* Your objective:
Set down the final stretch of the data, from the line that holds "7501 Gallineta Ct — Photo 26" through the last line, both included, with pictures left out.

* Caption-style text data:
____

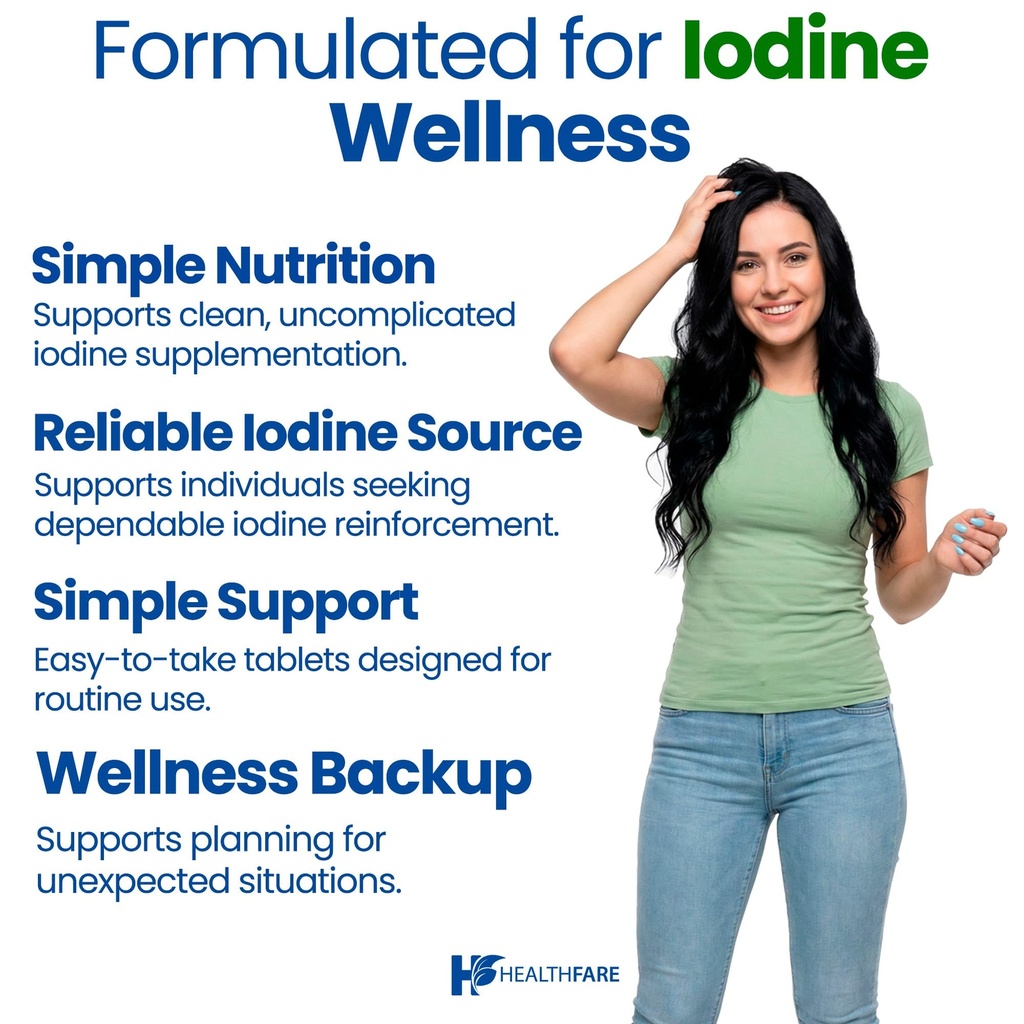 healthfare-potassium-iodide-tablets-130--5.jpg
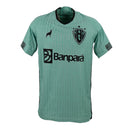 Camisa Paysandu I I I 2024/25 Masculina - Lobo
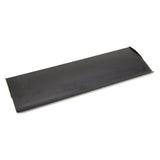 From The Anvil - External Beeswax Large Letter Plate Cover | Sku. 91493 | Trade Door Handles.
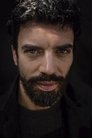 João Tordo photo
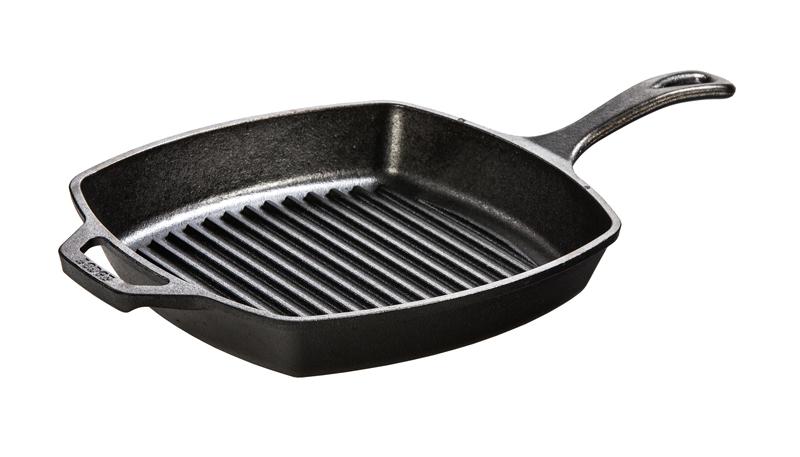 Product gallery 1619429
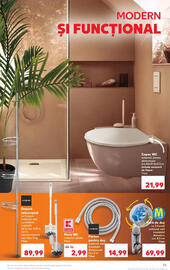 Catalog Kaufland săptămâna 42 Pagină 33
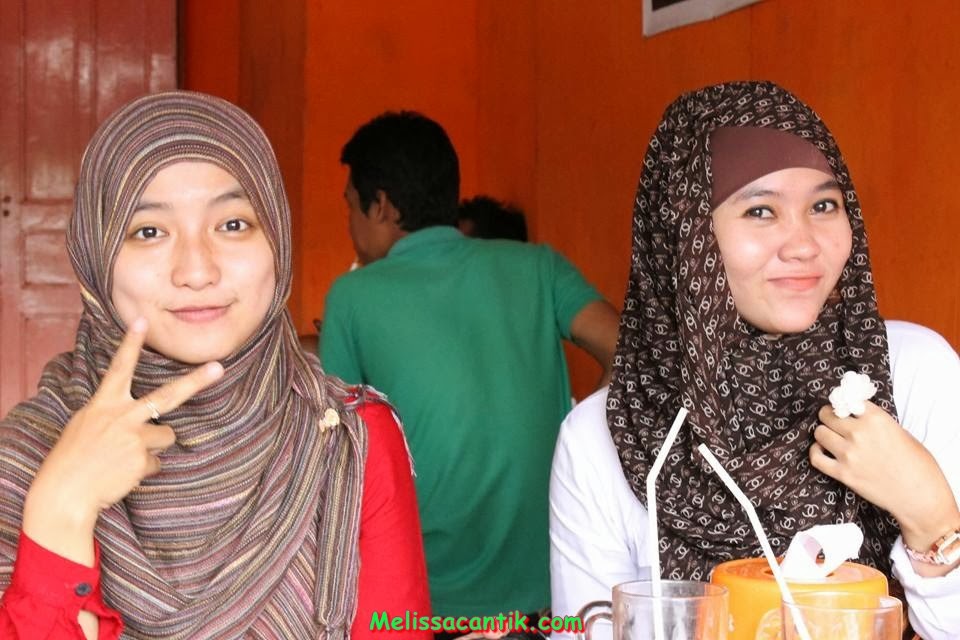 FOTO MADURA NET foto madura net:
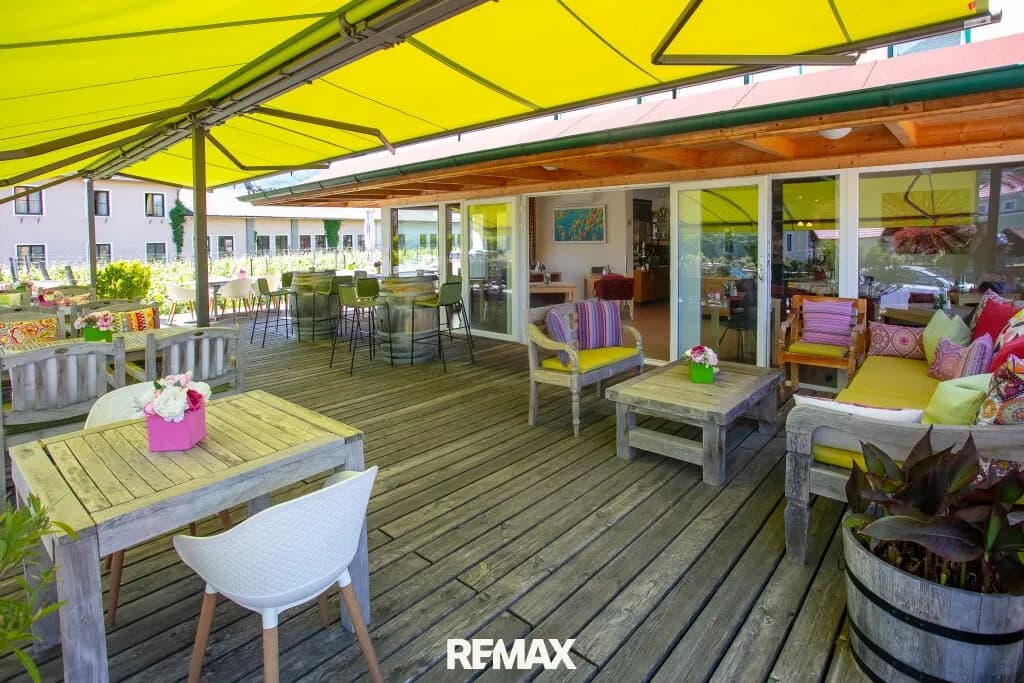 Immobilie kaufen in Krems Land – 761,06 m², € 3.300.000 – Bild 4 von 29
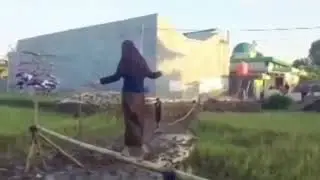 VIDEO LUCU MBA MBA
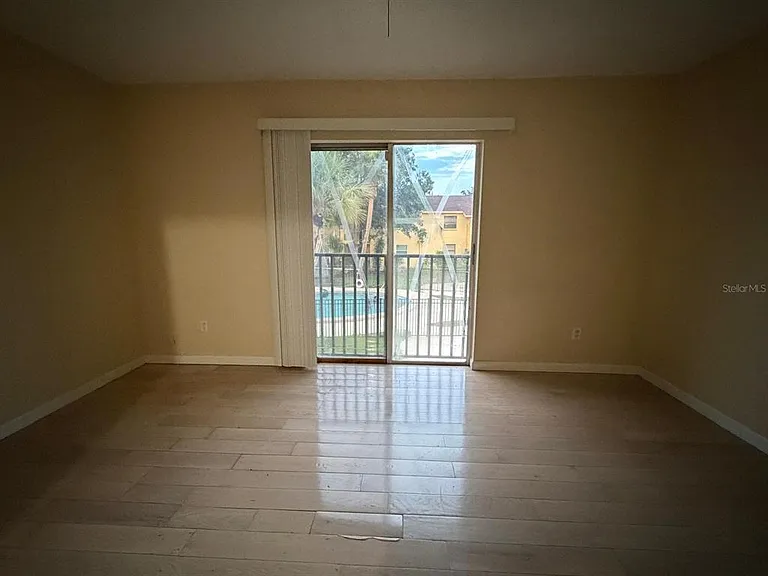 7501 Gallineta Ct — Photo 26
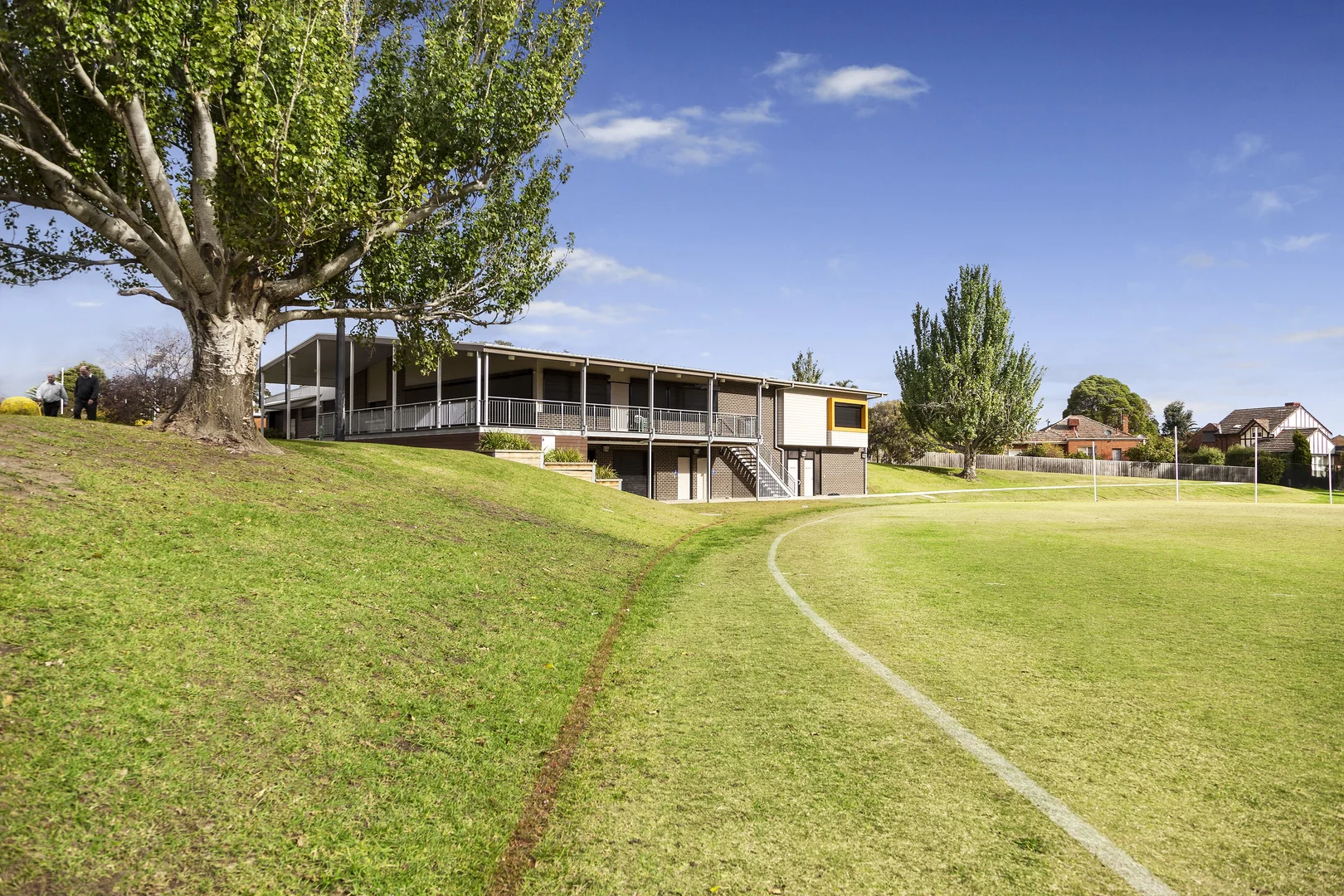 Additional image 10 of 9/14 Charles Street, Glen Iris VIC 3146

____

* Your response:
 7501 Gallineta Ct — Photo 26
 Additional image 10 of 9/14 Charles Street, Glen Iris VIC 3146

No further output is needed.